Task directions: With the pictures left out, return exactly the lines from the one containing "Blusa bordada com folhos" through the end of the listing below.

Data for the task:
==================================================
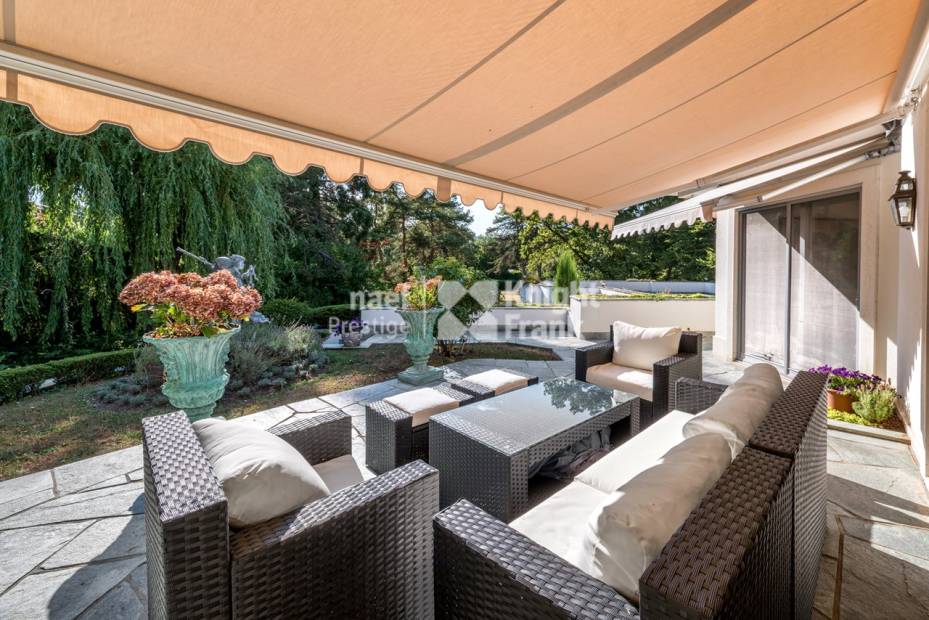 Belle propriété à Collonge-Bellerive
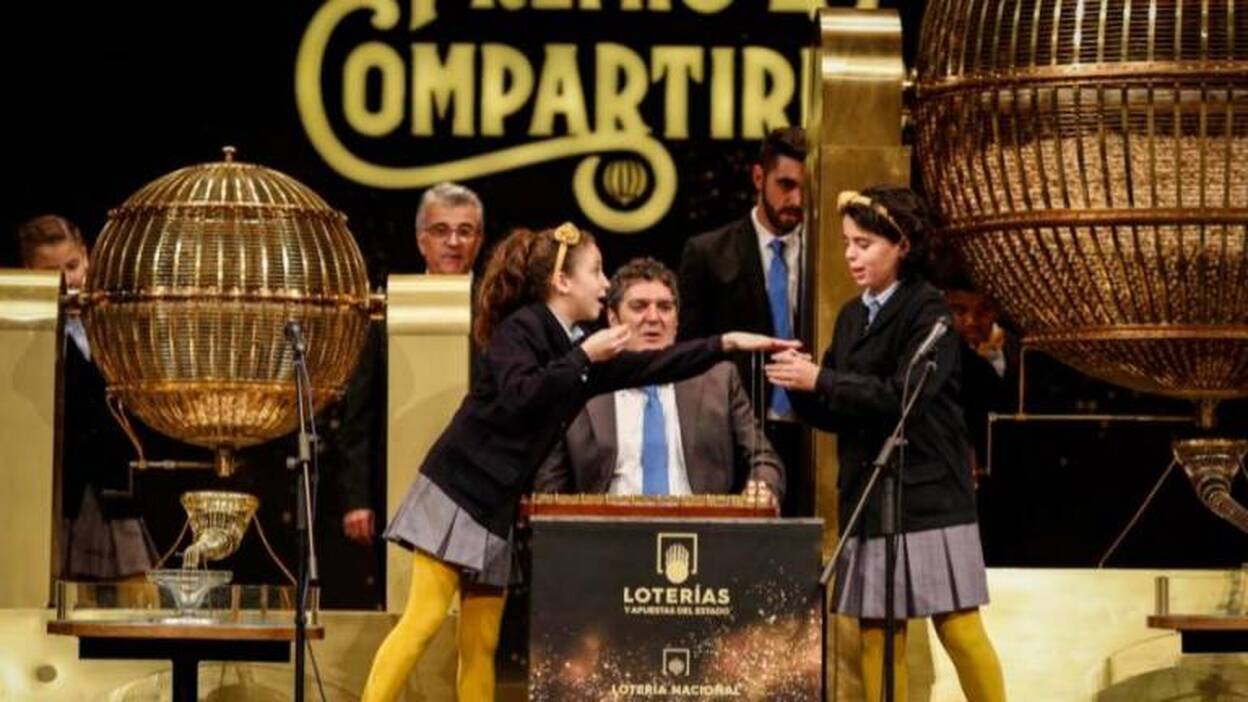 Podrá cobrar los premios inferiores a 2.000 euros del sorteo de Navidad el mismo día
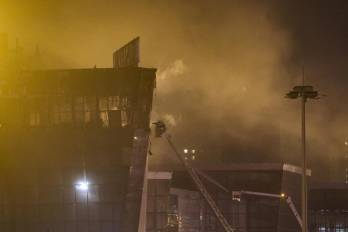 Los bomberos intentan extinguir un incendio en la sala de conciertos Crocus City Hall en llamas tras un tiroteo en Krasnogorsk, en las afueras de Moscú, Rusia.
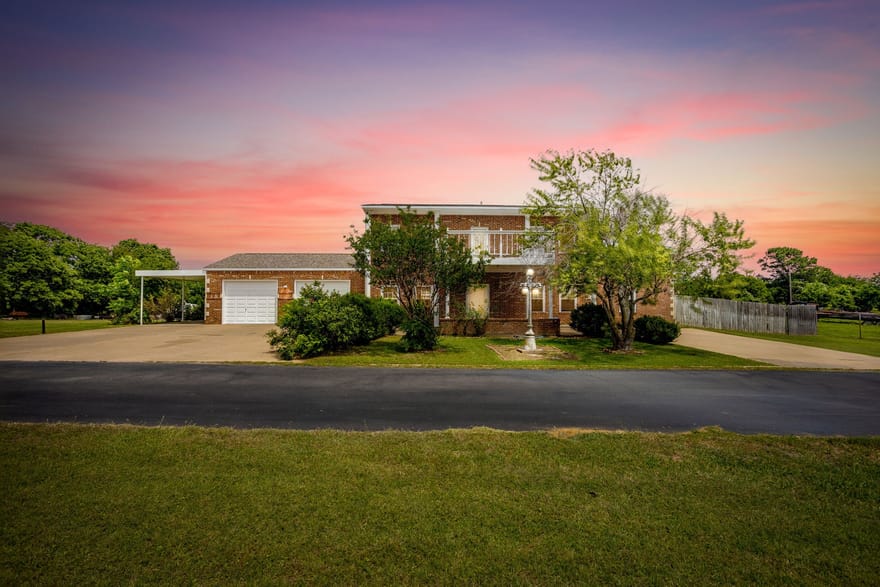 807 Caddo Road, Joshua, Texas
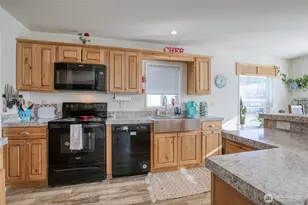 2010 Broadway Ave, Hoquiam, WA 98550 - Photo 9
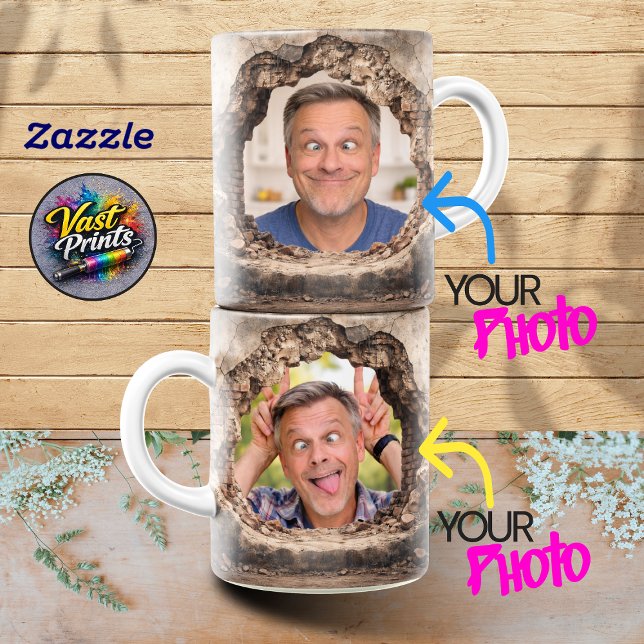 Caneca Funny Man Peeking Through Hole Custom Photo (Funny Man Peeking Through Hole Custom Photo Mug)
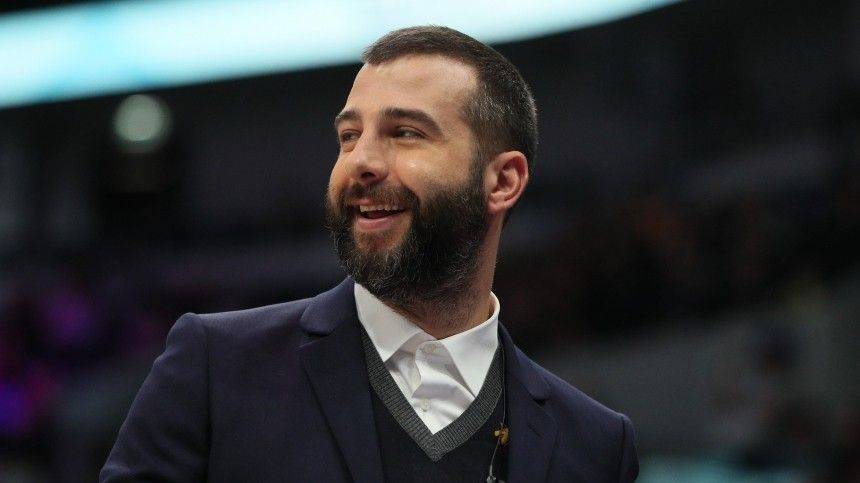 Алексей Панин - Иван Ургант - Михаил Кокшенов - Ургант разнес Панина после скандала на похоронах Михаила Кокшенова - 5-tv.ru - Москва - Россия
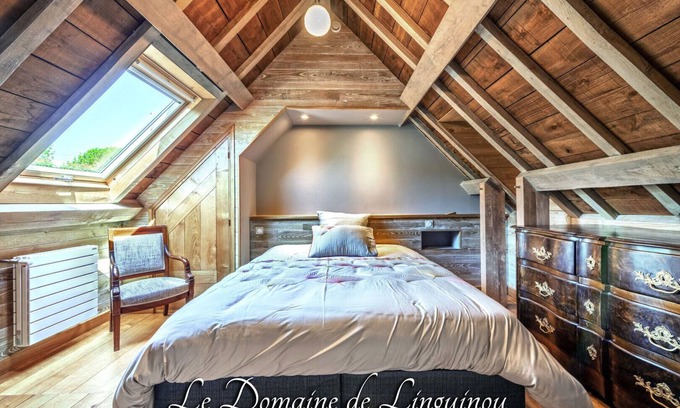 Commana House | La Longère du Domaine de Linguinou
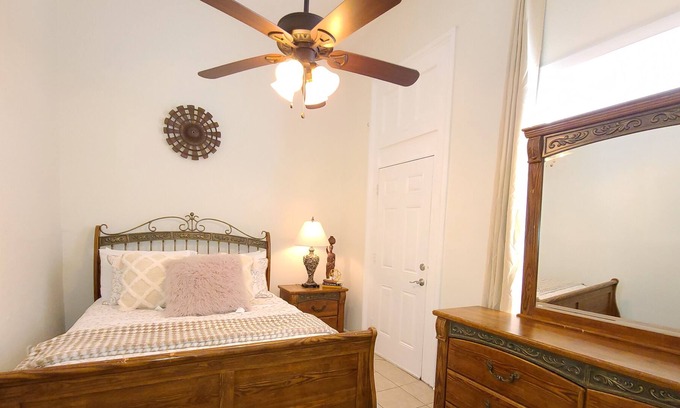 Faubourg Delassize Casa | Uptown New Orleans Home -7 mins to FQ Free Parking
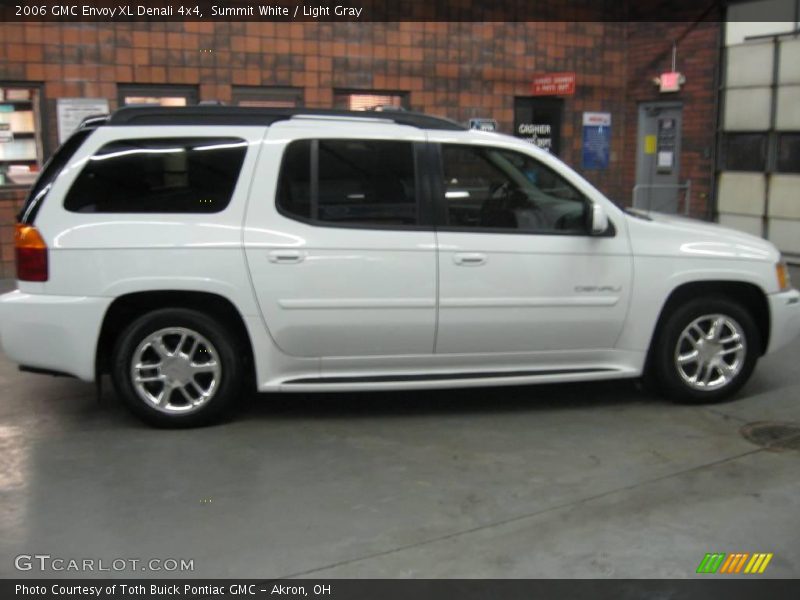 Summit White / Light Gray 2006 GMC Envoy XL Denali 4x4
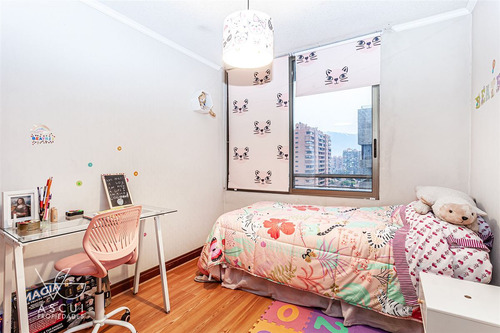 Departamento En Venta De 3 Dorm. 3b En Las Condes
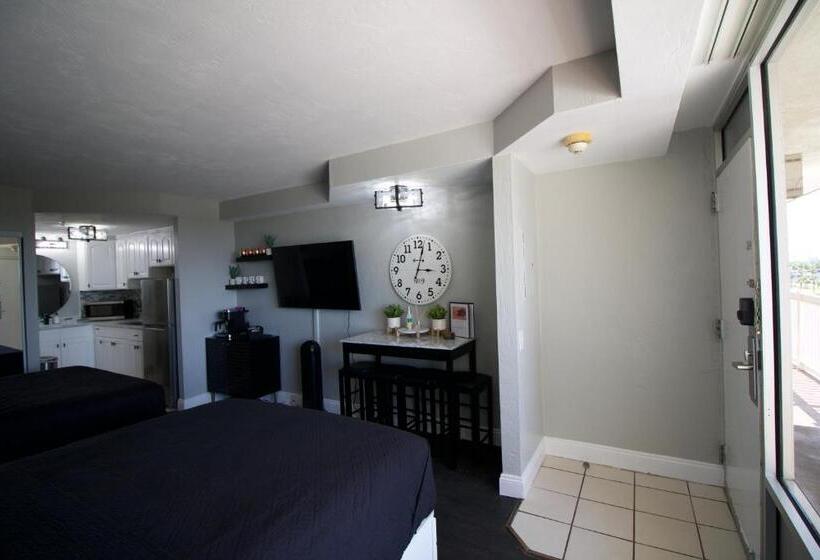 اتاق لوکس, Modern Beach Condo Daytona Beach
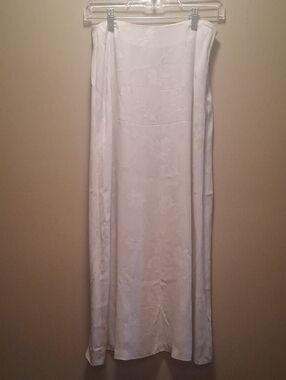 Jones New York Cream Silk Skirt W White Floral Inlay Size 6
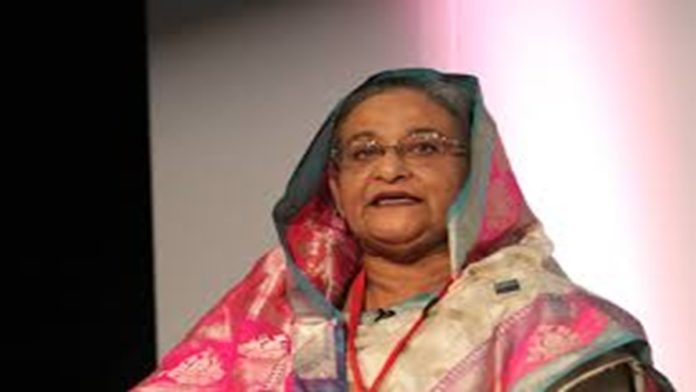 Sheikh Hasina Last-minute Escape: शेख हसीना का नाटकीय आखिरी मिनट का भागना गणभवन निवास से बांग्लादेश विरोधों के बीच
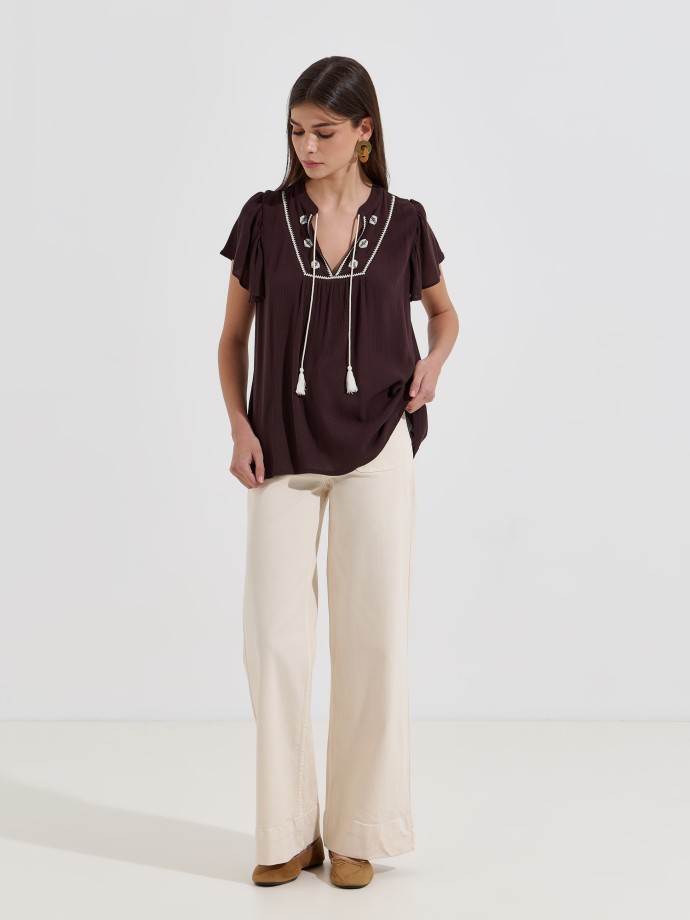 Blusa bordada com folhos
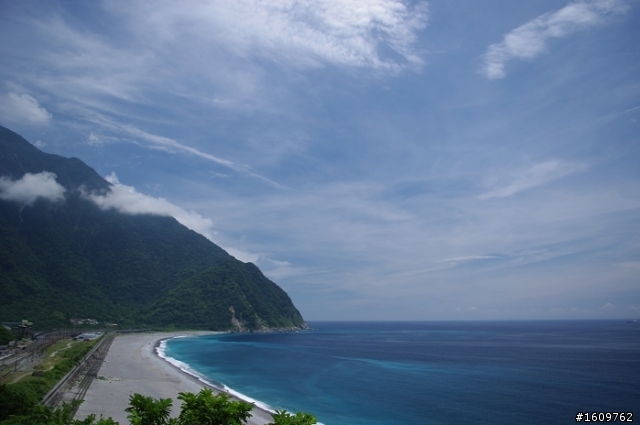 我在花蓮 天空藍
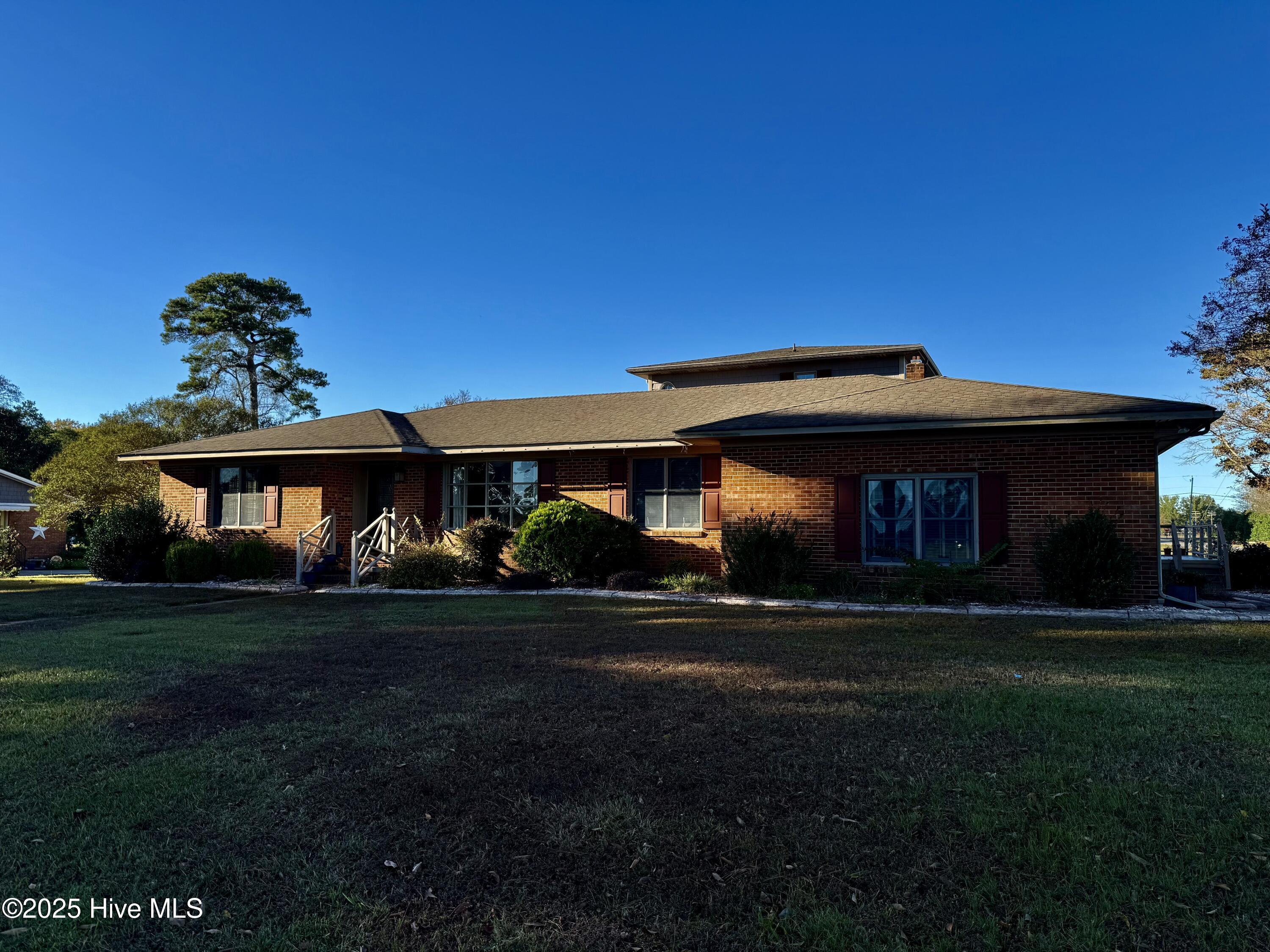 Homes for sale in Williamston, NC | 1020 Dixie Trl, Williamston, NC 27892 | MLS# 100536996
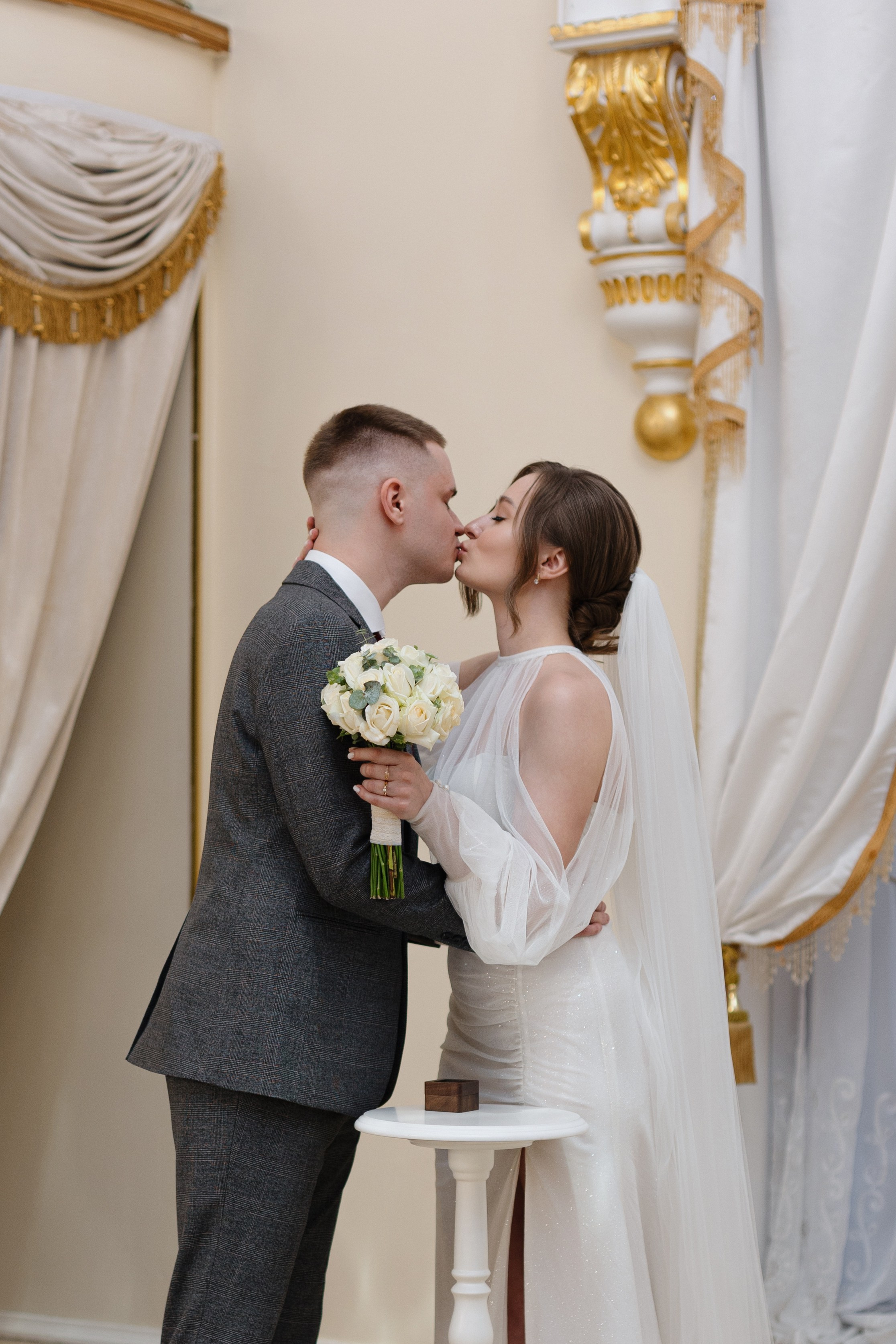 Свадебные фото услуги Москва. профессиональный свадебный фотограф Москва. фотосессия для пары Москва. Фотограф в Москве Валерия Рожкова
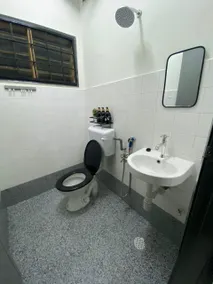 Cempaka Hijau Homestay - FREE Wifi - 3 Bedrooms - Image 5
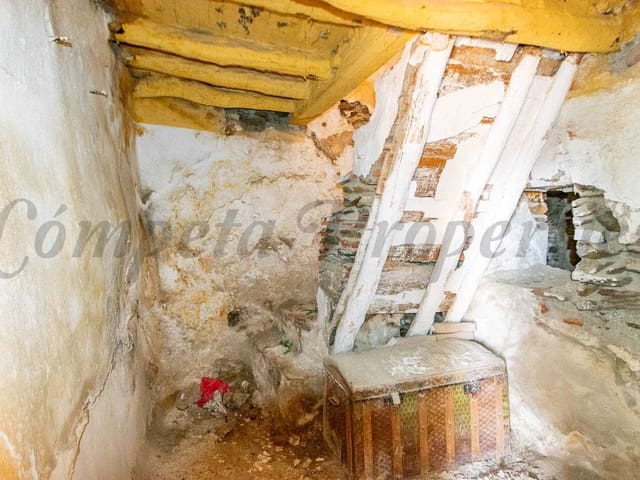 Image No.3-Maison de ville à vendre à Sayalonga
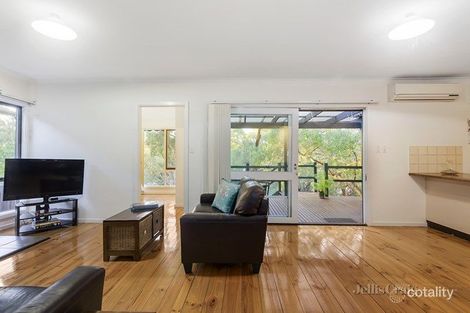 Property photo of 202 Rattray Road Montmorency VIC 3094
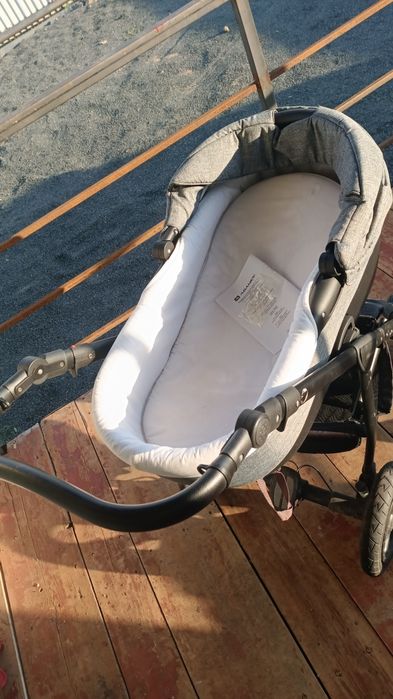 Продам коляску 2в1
==================================================
Result:
 Blusa bordada com folhos
 我在花蓮 天空藍
 Homes for sale in Williamston, NC | 1020 Dixie Trl, Williamston, NC 27892 | MLS# 100536996
 Свадебные фото услуги Москва. профессиональный свадебный фотограф Москва. фотосессия для пары Москва. Фотограф в Москве Валерия Рожкова
 Cempaka Hijau Homestay - FREE Wifi - 3 Bedrooms - Image 5
 Image No.3-Maison de ville à vendre à Sayalonga
 Property photo of 202 Rattray Road Montmorency VIC 3094
 Продам коляску 2в1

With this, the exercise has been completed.